1つ目は株主からの投資「株主資本コスト」、そして2つ目は銀行や金融機関等からの借り入れである「負債コスト」です。株主からのお金は「投資」と考えられ、銀行融資などの借り入れは「負債」と考えられます。
①株主資本コスト
はじめに、「株主資本コスト」について説明します。
「株主資本コスト」とは、株主から資金調達する際に必要になるコストをさします。具体的には、増資による資金調達のコストです。企業が株式を発行して調達する際に必要になります。
株主は、リターン(配当金) を期待して投資を実施しています。そのため、最低でも期待されている収益率を株主に分配する必要があります。
会社にとって株主に支払う分配は、資金調達に要するコストであると考えられるため、株主資本コストは株主が要求するリターン(要求収益率)と同じであると言えるのです。

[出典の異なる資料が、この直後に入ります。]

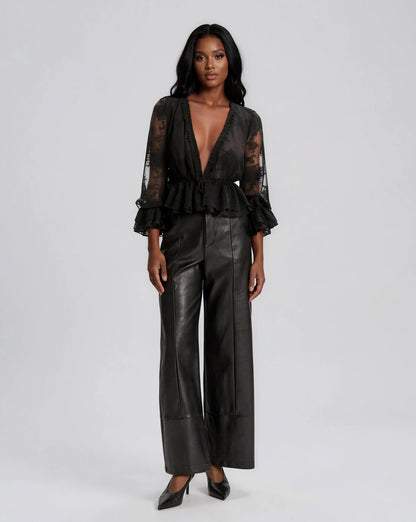 Natoli Embroidered Mesh Blouse – Black XO, Tina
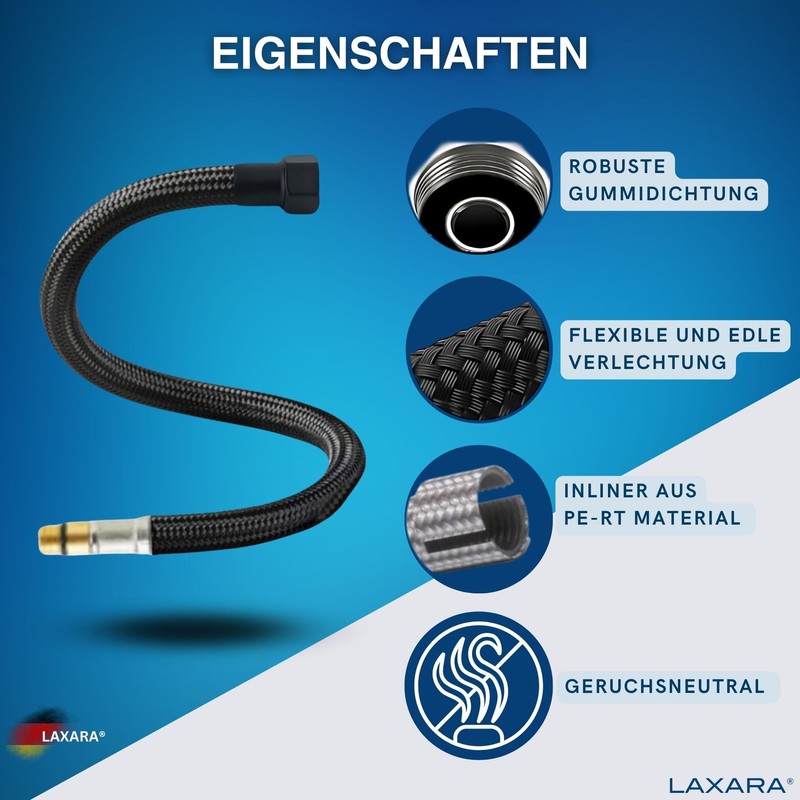 LAXARA DVGW Premium Coloured Flex Hose Black and White 3/8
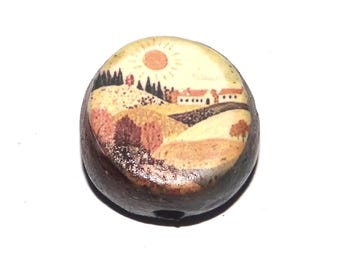 Ceramic House Focal Bead Handmade Pottery Beads 17mm PP6-4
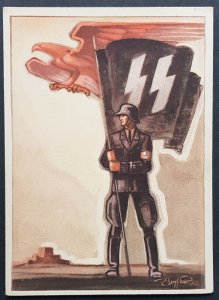 GERMANY THIRD 3rd REICH ORIGINAL PROPAGANDA CARD DAY OF THE SS SECURITY POLICE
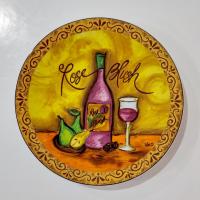 Vintage Pfaltzgraff Wine Tasting Bread and Butter Plates, Set of Four, Old World Style Wine and Cheese Plates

ただし、一般的な中小企業の場合、株主資本コストは考慮しなくても問題ないでしょう。なぜなら、株主と経営陣が一致していることが多いからです。経営陣が株主である場合、ほとんどの中小企業では配当金を配りません。そのため、株主資本コストはかからないものであると言えます。
株主資本コストの計算方法
負債コストとは違い、株主資本コストに明確な数値は存在しません。なぜなら、株主ごとに要求する収益率が異なるからです。そこで、ビジネスの現場では、「CAPM」と呼ばれるモデルを利用します。
「CAPM」は、主にM&Aの企業価値評価(DCF法)に必要となる割引率(WACC)を計算する際に用いられるものです。株主資本コストを用いてWACCを計算し、そのWACCを用いてM&Aで必要となる企業価値を算出します。

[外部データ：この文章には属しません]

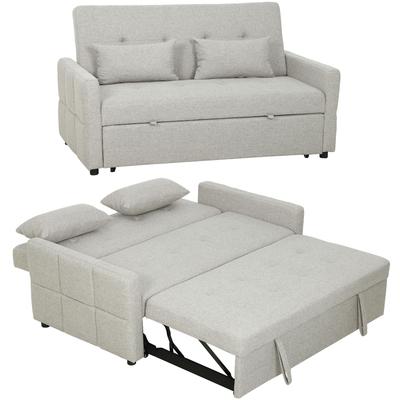 Convertible 2-seat Sofa 3-in-1, Clic-clac Sofa Bed, Trundle Bed, Adjustable Backrest, 158x85x85cm, Light Brown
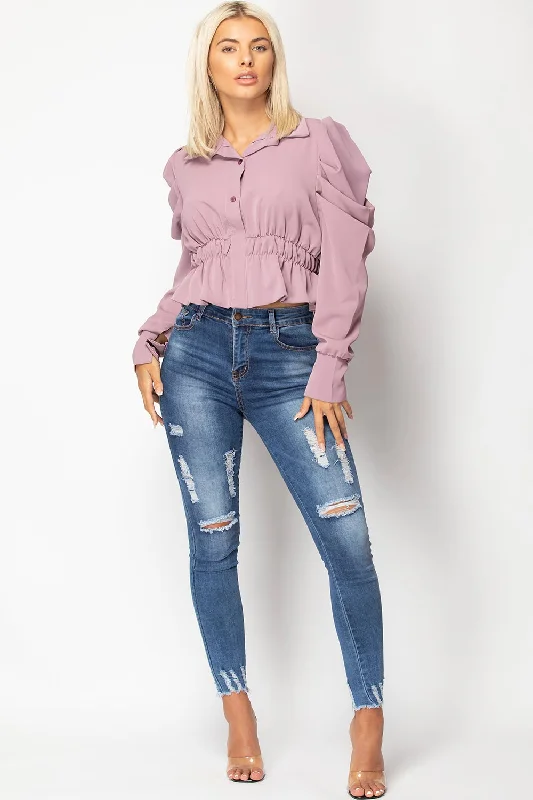 Lilac Ruched Sleeve Button Front Top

「CAPM」では、下記の計算式によって株主資本コストを計算することができます。
- 株主資本コスト=リスクフリーレート+β×市場リスクプレミアム
リスクフリーレート
「リスクフリーレート」とは、投資する際のリスクがほぼ0の資産から得られる収益率です。具体的には、銀行預金や長期国債の収益率が該当します。
β(ベータ)
「β」は、その資産が市場の動きに対して、どの程度変動するかを表す数値です。「β」が大きいほど、リスクが大きいと言われています。
リスクプレミアム
「リスクプレミアム」とは、ある資産に期待していたリターン(配当金)から、無リスクで得られる収益率(リスクフリーレート)を差し引いた残りのことです。そのため、「リスクプレミアム」は、一定のリスクを負って得られる収益率とも言えます。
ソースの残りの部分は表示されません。